== Task objective ==
Exact repetition is the task: copy every entry below.

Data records
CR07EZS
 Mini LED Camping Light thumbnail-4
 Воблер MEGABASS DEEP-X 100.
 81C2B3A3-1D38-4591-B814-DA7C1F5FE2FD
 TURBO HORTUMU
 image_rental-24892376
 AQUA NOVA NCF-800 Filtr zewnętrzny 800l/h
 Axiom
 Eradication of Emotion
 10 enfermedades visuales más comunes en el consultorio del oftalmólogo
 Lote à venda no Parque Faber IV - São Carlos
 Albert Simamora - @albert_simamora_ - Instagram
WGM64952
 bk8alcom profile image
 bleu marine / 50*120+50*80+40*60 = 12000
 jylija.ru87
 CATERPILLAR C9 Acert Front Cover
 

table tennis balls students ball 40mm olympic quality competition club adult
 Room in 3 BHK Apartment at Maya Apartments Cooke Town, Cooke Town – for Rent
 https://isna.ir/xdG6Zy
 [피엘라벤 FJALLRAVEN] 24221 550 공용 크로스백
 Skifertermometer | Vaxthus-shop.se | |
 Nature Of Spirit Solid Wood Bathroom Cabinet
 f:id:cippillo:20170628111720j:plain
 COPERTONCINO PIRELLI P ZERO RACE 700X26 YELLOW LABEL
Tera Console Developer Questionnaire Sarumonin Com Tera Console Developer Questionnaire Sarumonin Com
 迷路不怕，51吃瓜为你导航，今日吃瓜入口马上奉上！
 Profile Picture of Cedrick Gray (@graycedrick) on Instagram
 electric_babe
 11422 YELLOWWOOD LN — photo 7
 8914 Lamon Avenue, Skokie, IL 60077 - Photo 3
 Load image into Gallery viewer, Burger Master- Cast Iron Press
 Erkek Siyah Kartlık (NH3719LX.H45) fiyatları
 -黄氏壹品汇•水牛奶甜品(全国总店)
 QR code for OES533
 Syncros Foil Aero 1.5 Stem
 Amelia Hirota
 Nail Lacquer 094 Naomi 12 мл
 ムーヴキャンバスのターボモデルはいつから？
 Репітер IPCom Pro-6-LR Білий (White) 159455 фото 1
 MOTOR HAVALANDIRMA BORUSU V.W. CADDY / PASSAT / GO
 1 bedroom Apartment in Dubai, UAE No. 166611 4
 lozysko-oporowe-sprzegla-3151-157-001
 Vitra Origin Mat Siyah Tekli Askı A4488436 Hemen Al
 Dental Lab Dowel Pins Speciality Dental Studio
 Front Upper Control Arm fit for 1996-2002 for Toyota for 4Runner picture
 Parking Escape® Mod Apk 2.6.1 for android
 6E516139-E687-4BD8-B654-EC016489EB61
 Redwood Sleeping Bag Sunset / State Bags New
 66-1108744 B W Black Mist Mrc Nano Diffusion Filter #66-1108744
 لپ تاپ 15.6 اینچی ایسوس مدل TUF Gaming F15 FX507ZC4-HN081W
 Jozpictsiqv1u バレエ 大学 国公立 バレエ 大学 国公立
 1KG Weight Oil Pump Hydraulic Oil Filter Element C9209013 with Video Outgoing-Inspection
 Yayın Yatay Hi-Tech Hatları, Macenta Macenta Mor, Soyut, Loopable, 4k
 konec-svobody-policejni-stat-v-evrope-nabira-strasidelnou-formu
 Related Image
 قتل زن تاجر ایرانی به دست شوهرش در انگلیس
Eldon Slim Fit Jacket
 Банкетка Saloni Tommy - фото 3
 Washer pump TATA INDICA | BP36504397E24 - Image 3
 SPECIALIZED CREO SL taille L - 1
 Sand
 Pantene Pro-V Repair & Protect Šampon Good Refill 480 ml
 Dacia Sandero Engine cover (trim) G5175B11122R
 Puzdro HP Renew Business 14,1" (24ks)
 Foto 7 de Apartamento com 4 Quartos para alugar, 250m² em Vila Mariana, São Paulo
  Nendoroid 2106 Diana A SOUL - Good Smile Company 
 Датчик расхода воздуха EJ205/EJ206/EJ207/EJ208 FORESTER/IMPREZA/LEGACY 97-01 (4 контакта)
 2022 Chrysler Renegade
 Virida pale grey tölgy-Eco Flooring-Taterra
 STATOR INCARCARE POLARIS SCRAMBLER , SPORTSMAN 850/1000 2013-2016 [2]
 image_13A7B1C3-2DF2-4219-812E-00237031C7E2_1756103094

== Answer for this exercise ==
CR07EZS
 Mini LED Camping Light thumbnail-4
 Воблер MEGABASS DEEP-X 100.
 81C2B3A3-1D38-4591-B814-DA7C1F5FE2FD
 TURBO HORTUMU
 image_rental-24892376
 AQUA NOVA NCF-800 Filtr zewnętrzny 800l/h
 Axiom
 Eradication of Emotion
 10 enfermedades visuales más comunes en el consultorio del oftalmólogo
 Lote à venda no Parque Faber IV - São Carlos
 Albert Simamora - @albert_simamora_ - Instagram
WGM64952
 bk8alcom profile image
 bleu marine / 50*120+50*80+40*60 = 12000
 jylija.ru87
 CATERPILLAR C9 Acert Front Cover
 

table tennis balls students ball 40mm olympic quality competition club adult
 Room in 3 BHK Apartment at Maya Apartments Cooke Town, Cooke Town – for Rent
 https://isna.ir/xdG6Zy
 [피엘라벤 FJALLRAVEN] 24221 550 공용 크로스백
 Skifertermometer | Vaxthus-shop.se | |
 Nature Of Spirit Solid Wood Bathroom Cabinet
 f:id:cippillo:20170628111720j:plain
 COPERTONCINO PIRELLI P ZERO RACE 700X26 YELLOW LABEL
Tera Console Developer Questionnaire Sarumonin Com Tera Console Developer Questionnaire Sarumonin Com
 迷路不怕，51吃瓜为你导航，今日吃瓜入口马上奉上！
 Profile Picture of Cedrick Gray (@graycedrick) on Instagram
 electric_babe
 11422 YELLOWWOOD LN — photo 7
 8914 Lamon Avenue, Skokie, IL 60077 - Photo 3
 Load image into Gallery viewer, Burger Master- Cast Iron Press
 Erkek Siyah Kartlık (NH3719LX.H45) fiyatları
 -黄氏壹品汇•水牛奶甜品(全国总店)
 QR code for OES533
 Syncros Foil Aero 1.5 Stem
 Amelia Hirota
 Nail Lacquer 094 Naomi 12 мл
 ムーヴキャンバスのターボモデルはいつから？
 Репітер IPCom Pro-6-LR Білий (White) 159455 фото 1
 MOTOR HAVALANDIRMA BORUSU V.W. CADDY / PASSAT / GO
 1 bedroom Apartment in Dubai, UAE No. 166611 4
 lozysko-oporowe-sprzegla-3151-157-001
 Vitra Origin Mat Siyah Tekli Askı A4488436 Hemen Al
 Dental Lab Dowel Pins Speciality Dental Studio
 Front Upper Control Arm fit for 1996-2002 for Toyota for 4Runner picture
 Parking Escape® Mod Apk 2.6.1 for android
 6E516139-E687-4BD8-B654-EC016489EB61
 Redwood Sleeping Bag Sunset / State Bags New
 66-1108744 B W Black Mist Mrc Nano Diffusion Filter #66-1108744
 لپ تاپ 15.6 اینچی ایسوس مدل TUF Gaming F15 FX507ZC4-HN081W
 Jozpictsiqv1u バレエ 大学 国公立 バレエ 大学 国公立
 1KG Weight Oil Pump Hydraulic Oil Filter Element C9209013 with Video Outgoing-Inspection
 Yayın Yatay Hi-Tech Hatları, Macenta Macenta Mor, Soyut, Loopable, 4k
 konec-svobody-policejni-stat-v-evrope-nabira-strasidelnou-formu
 Related Image
 قتل زن تاجر ایرانی به دست شوهرش در انگلیس
Eldon Slim Fit Jacket
 Банкетка Saloni Tommy - фото 3
 Washer pump TATA INDICA | BP36504397E24 - Image 3
 SPECIALIZED CREO SL taille L - 1
 Sand
 Pantene Pro-V Repair & Protect Šampon Good Refill 480 ml
 Dacia Sandero Engine cover (trim) G5175B11122R
 Puzdro HP Renew Business 14,1" (24ks)
 Foto 7 de Apartamento com 4 Quartos para alugar, 250m² em Vila Mariana, São Paulo
  Nendoroid 2106 Diana A SOUL - Good Smile Company 
 Датчик расхода воздуха EJ205/EJ206/EJ207/EJ208 FORESTER/IMPREZA/LEGACY 97-01 (4 контакта)
 2022 Chrysler Renegade
 Virida pale grey tölgy-Eco Flooring-Taterra
 STATOR INCARCARE POLARIS SCRAMBLER , SPORTSMAN 850/1000 2013-2016 [2]
 image_13A7B1C3-2DF2-4219-812E-00237031C7E2_1756103094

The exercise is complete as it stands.